[TASK INSTRUCTIONS]: Reproduce exactly the lines from the one containing "Itamaraty Plaza Hotel" through the end of the listing, minus the pictures.

[SUPPLIED DATA]:
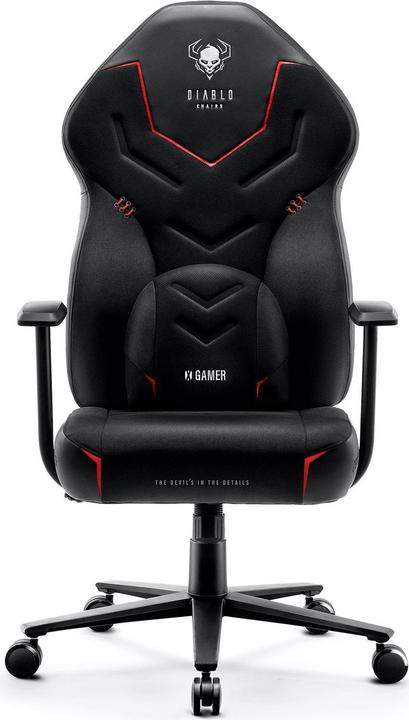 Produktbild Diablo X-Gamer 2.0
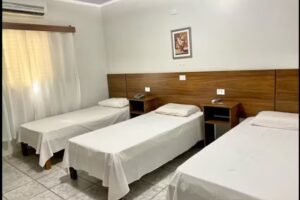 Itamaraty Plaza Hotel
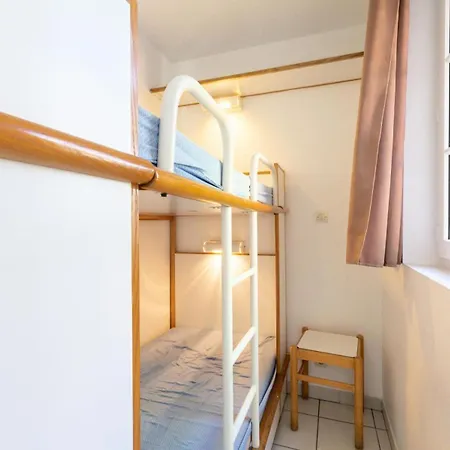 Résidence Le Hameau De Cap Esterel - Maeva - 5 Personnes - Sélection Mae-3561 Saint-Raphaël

[ANSWER]:
 Itamaraty Plaza Hotel
 Résidence Le Hameau De Cap Esterel - Maeva - 5 Personnes - Sélection Mae-3561 Saint-Raphaël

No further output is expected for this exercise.